Perhaps most significantly, in 2015 Miller finds himself free of the “frat-rap” tag that once tortured him early in his career, framing him as a contemporary of the likes of Asher Roth, Sammy Adams, and Chris Webby, rather than the ten other emcees that Kendrick Lamar named in addition to Mac in his scathing 2013 verse on Big Sean’s “Control”. In the four years since Blue Slide Park, his critically-lampooned yet wildly successful debut album, the rapper who was once “Easy Mac with the cheesy raps” – as spit by battle rap extraordinaire Loaded Lux on Miller’s last album – has seemingly been on a never-ending campaign to shake his stigma and prove his worth to hip hop, with three projects that increasingly emphasized lyrical dexterity and artistic ambition, gaining more positive responses every step of the way. With GO:OD AM, Miller finally appears positioned for the true takeover that he has often alluded to.

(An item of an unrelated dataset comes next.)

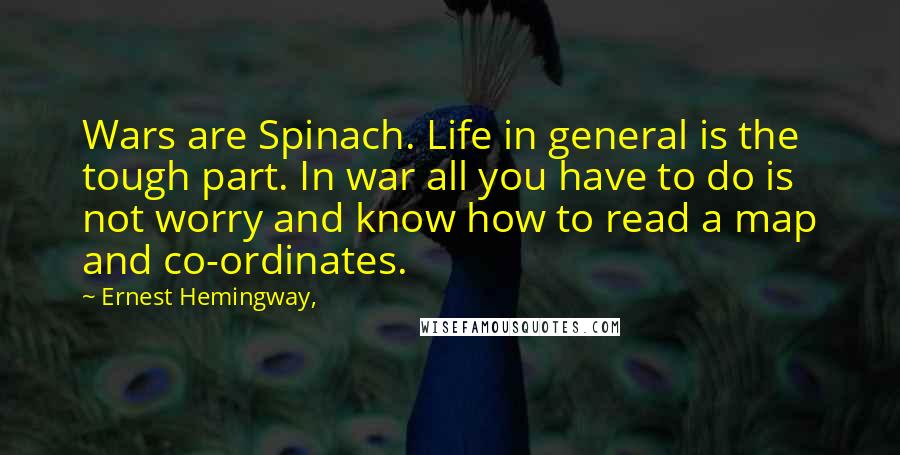 Ernest Hemingway, Quotes: Wars are Spinach. Life in general is the tough part. In war all you have to do is not worry and know how to read a map and co-ordinates.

GO:OD AM finds Mac Miller at his most confident and unapologetic, an aesthetic often absent from his previous work despite his undeniable talent. Lyrically, he continues to be wildly creative, dropping wordplay like “what’s a God without a little OD? /Just a G” on first single and album standout “100 Grandkids”. This time around, though, he raps like he has less to prove. On Miller’s last album Watching Movies with the Sound Off, his bars exuded an almost manic obsession with proving his technical ability, whereas on GO:OD AM he just appears to be having fun, though dense lyrical content certainly takes center stage at many points, such as in the first verse of album closer “The Festival”.
Longtime Mac Miller collaborators ID Labs handle the bulk of the production on GO:OD AM, alongside heavyweights like Flying Lotus, Sounwave, and even Sha Money XL on the first half of “100 Grandkids”. Sonically, the album maintains cohesion despite its diversity, from the trap-influenced, 808-ridden “When In Rome” to the piano and saxophone that close out “Brand Name”.
Though he has always had a flirtatious relationship with melody, Mac Miller’s most noticeable growth on GO:OD AM manifests itself in the songs’ melodic content. On tracks like “Break the Law” and the Miguel-assisted “Weekend” – not to mention the tender career highlight “ROS” – he effortlessly injects small doses of melody into what is still an undeniable hip-hop album. Brilliant future single “Jump”, which reunites Miller with “Donald Trump” hit-maker Sap, contains a hugely effective call-and-response section in the pre-chorus, a back-and-forth between swaggering bars and their melodic counterparts.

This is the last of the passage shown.